Por fim, devo desaprovar, e o faço com amor, o uso de termos e frases estranhas e de nova invenção no ensino da santificação. Defendo que um movimento em favor da santidade não pode ser promovido por uma terminologia recém-criada, ou por declarações desproporcionais e unilaterais—ou por exagerar e isolar textos particulares—ou por exaltar uma verdade em detrimento de outra—ou por alegorizar e adaptar textos, extraindo deles sentidos que o Espírito Santo nunca lhes atribuiu—ou por falar de modo desprezível e amargo contra aqueles que não veem inteiramente as coisas como nós e não trabalham exatamente do nosso modo. Essas coisas não promovem a paz: ao contrário, repelem muitos e os mantêm à distância. A causa da verdadeira santificação não é ajudada, mas prejudicada, por tais armas. Um movimento em favor da santidade que produz contenda e disputa entre os filhos de Deus é algo suspeito. Por amor de Cristo, e em nome da verdade e da caridade, esforcemo-nos para seguir tanto a paz como a santidade. "O que Deus ajuntou não o separe o homem."

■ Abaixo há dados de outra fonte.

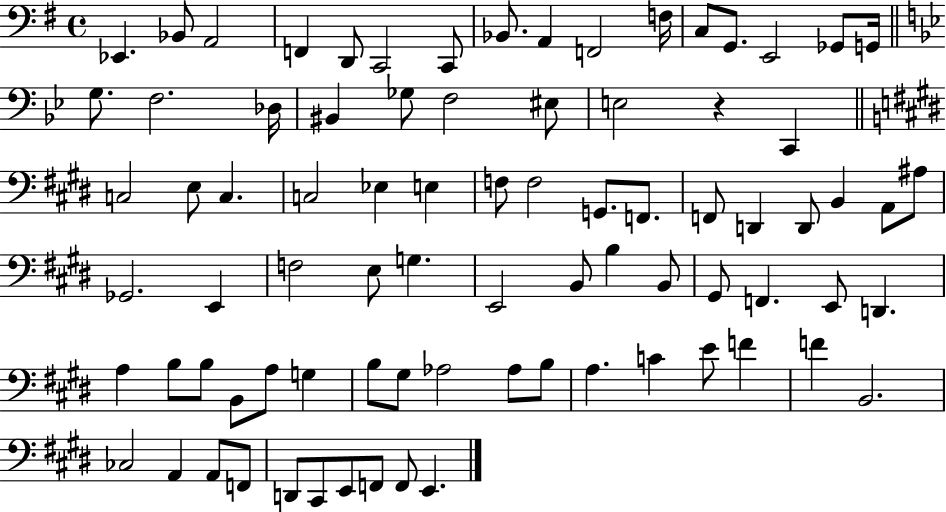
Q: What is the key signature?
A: G major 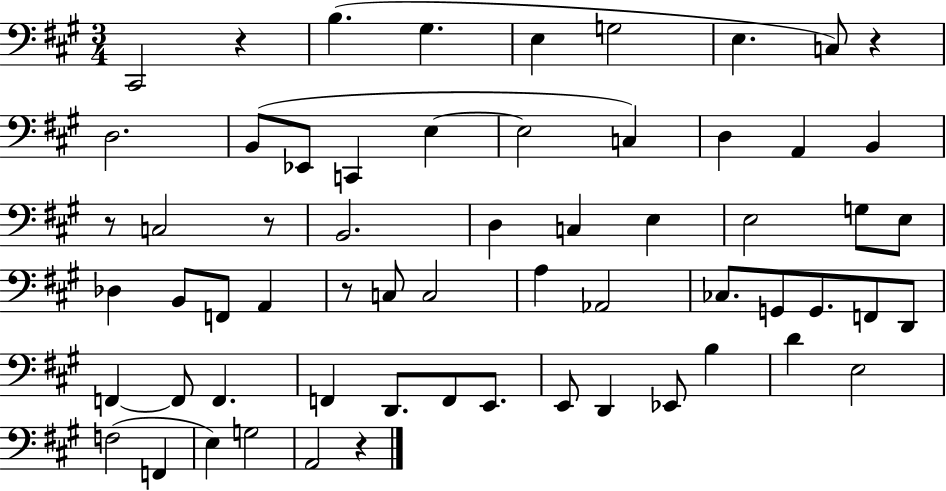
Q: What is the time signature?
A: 3/4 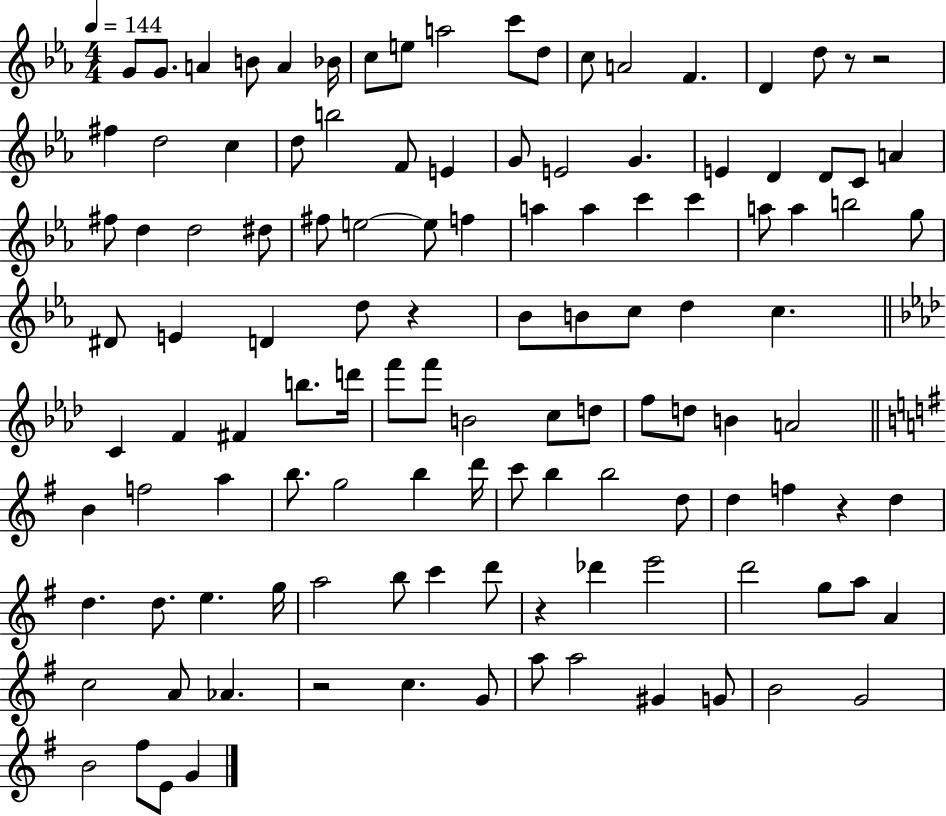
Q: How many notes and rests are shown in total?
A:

É o desejo do meu coração, e minha oração diária a Deus, que a santidade pessoal aumente grandemente entre os cristãos professos na Inglaterra. Mas confio que todos os que se empenham em promovê-la se apegarão fielmente à proporção das Escrituras, distinguirão cuidadosamente as coisas que diferem, e separarão "o precioso do vil" (Jeremias 15. 19).
~
J. C. Ryle
Holiness.
Notas:
[1] "Há uma dupla justificação por Deus: uma é autoritativa, a outra declarativa ou demonstrativa." — A primeira é o propósito de São Paulo, quando fala da justificação pela fé sem as obras da lei. A segunda é o propósito de São Tiago, quando fala da justificação pelas obras." — T. Goodwin em Santidade do Evangelho. Obras, vol. 7, p. 181.
[2] Aqueles que se interessarem pelo assunto encontrarão uma discussão completa nos Comentários de Willet, Elton, Chalmers e Haldane, e em Owen sobre o Pecado Habitante, e na obra de Stafford sobre o capítulo 7 de Romanos.
[3] O antigo sermão de Sibbes sobre a "Violência Vitoriosa" merece a atenção de todos os que possuem suas obras. — Vol. 7, p. 30.